In tests, the system only reached a word error rate of 5.9%, a figure the research team claims is on par, if not better, than professional transcript writers - making for a historic first in the development of artificial intelligence.
“Even five years ago, I wouldn’t have thought we could have achieved this. I just wouldn’t have thought it would be possible,” said Harry Shum, executive vice president of Microsoft Artificial Intelligence and Research.
Can you read me, Cortana?
History-making aside, Microsoft knows the everyday potential of this new tech, noting the breakthrough's "broad implications for consumer and business products."
One such example was the Xbox One which can already use voice commands to turn itself on, launch games, and more.
Shum also specifically mentions the company's Siri-like, Cortana, saying that human-like voice recognition would make "a truly intelligent assistant" possible.
We've got to go Deeper
Google's DeepMind project also made major strides in artificial intelligence this year with its AlphaGo robot, which beat some of humanity's greatest go champions - a game oft considered impossible for robots to grasp due to its near-infinite strategic possibilities.
Last month, DeepMind engineers also developed a new way to make robotic speech inflect like a human's, using a system of waveforms called WaveNet to make robots sound more human.
On the smaller end of the scale, Google is also working to cut down on the Uncanny Valley aspects of its Google Assistant, with researchers - - working to give its consumer AI a less monotone voice and even a sense of humor.
The robo-uprising is imminent, but not immediate
While historic, Microsoft's voice recognition system is still prone to the same things that trip up humans - things like accents, vocal impairments, and distracting background noise.
Microsoft also adds that voice recognition is not the same as understanding speech.

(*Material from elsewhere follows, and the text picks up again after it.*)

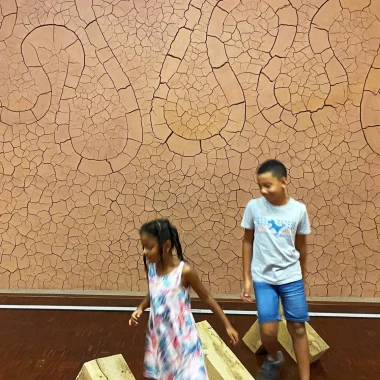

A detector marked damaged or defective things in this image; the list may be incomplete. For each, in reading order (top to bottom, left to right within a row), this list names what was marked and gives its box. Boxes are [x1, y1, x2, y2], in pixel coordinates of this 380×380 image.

cracked clay wall [0, 0, 378, 296]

Transcribing a conversation into words and distilling them into meaning are two different things, though Microsoft's next goal will be to improve its system so that it not only picks up speech, but can get it.
"Transcription is different from understanding; understanding is a different story," told Xuedong Huang, Microsoft's Chief Speech Scientist to us earlier this year. "To understand the message, the subtlety of what's being said – that's a long way off."
Until then, we're plenty excited knowing that soon we won't have to talk, to, computers, like, this, any, more.